Les nouvelles guerres économiques se déploient sur tous les fronts. Les systèmes nationaux de protection sociale, plus ou moins denses, composent un élément essentiel de compétitivité. Du côté des grandes villes, qualité et coût de la vie constituent une dimension clé de marketing urbain et de lutte d’influence.

Compétitions et conflits économiques n’impliquent pas uniquement les États et les entreprises. Les sujets ne relèvent pas seulement de la souveraineté et de la productivité. Les batailles se livrent sur d’autres terrains que les taxes et les subventions. Les entreprises, petites ou grandes, prennent ainsi en considération avec le plus grand sérieux les différentiels de protection sociale, selon les territoires, et les disparités concernant les coûts de la vie et la qualité de vie pour leurs employés. Pour les modèles nationaux de protection sociale, comme pour les réalités et perspectives des collectivités territoriales, il devient nécessaire de pleinement s’inscrire dans la logique des guerres économiques.

Géopolitique de la protection sociale

Droit du travail et droit des prestations sociales se conçoivent comme des vecteurs de paix. Ce sont aussi des instruments de concurrence, de conflits et de puissance.

L’Organisation internationale du travail (OIT) a fêté ses 100 ans en 2019. Créée après la Première Guerre mondiale, afin de contribuer à la paix par la promotion du travail décent, cette agence spécialisée des Nations unies conventionne et recommande à foison. Pour son cinquantième anniversaire, l’institution s’était vu attribuer le Prix Nobel de la paix. Parmi ses maximes, la locution latine Si vis pacem, cole justitiam (« Si tu désirez la paix, cultivez la justice ») souligne la liaison entre les projets pacifiques et les ambitions de protection sociale. Au carrefour du droit privé et du droit public, la protection sociale rassemble le droit du travail et le droit des prestations sociales.
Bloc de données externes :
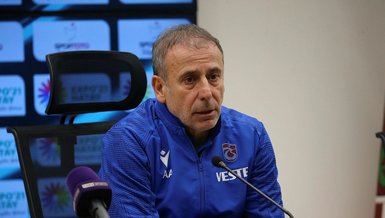 Trabzonspor antrenmanında Abdullah Avcı oyuncularıyla toplantı düzenledi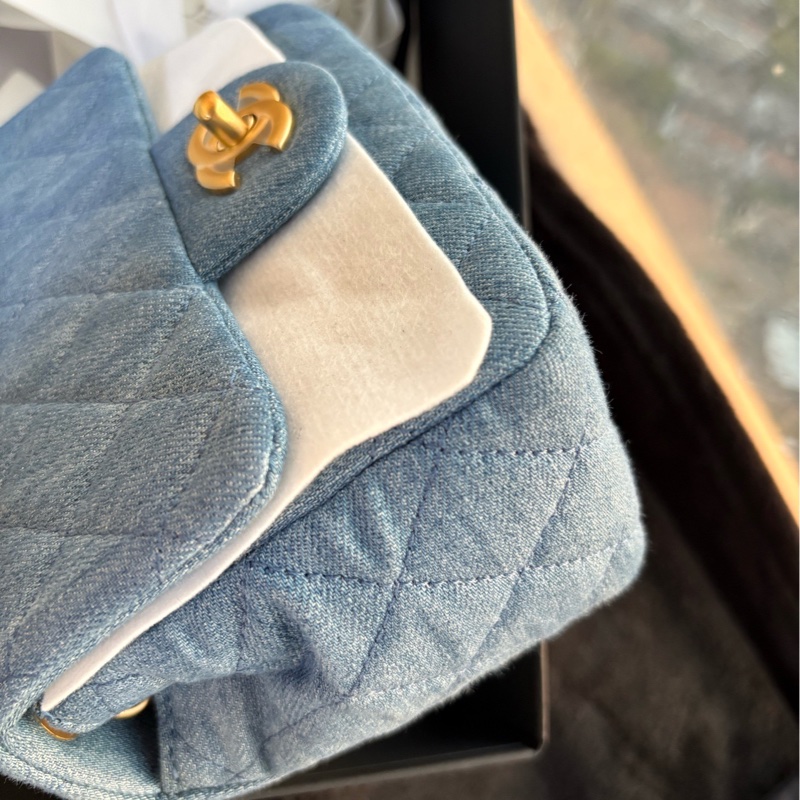 香奈兒 丹寧金球mini 方胖子-10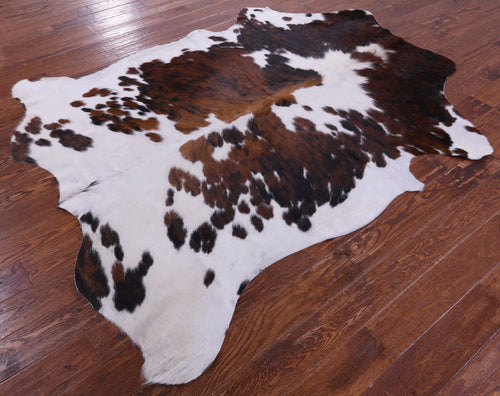 Tricolor Natural Cowhide Rug - X-Large 7'7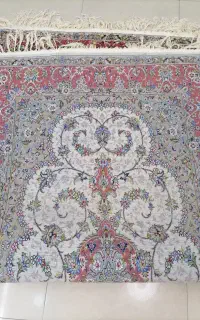 قالیچه دستباف ابریشم‌دار کاشان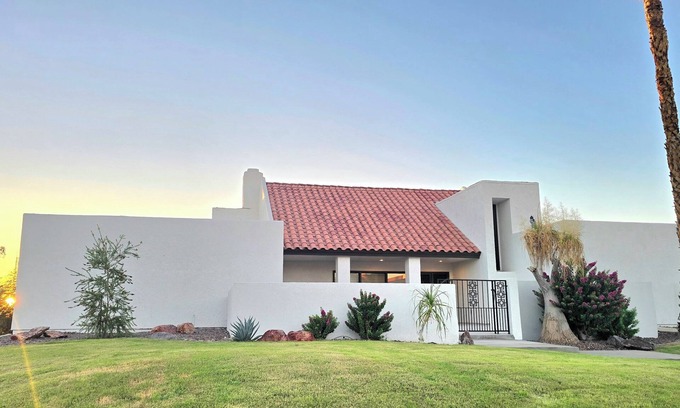 Yuma House | Vista Views! Large Double Master 4 bed/4 bath close to Hospital!
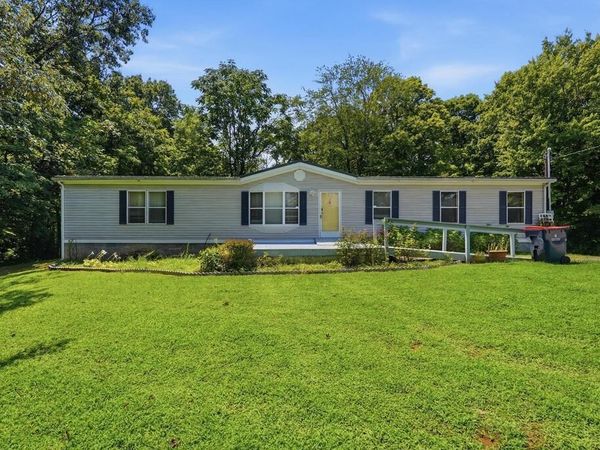 109 Doug Luna Road, Walling, TN 38587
Du côté du droit du travail et des obligations faites aux employeurs, il s’agit historiquement de préserver la paix sociale, mais aussi d’organiser la juste concurrence. C’est un fait oublié, mais la création d’une inspection du travail, en France, a été réclamée au premier chef par le patronat. L’objectif est de faire respecter par tous ce qui régit l’activité salariée. Ce thème essentiel de la concurrence se retrouve de plus en plus, en Europe, dans les questions transfrontalières et de détachement 1.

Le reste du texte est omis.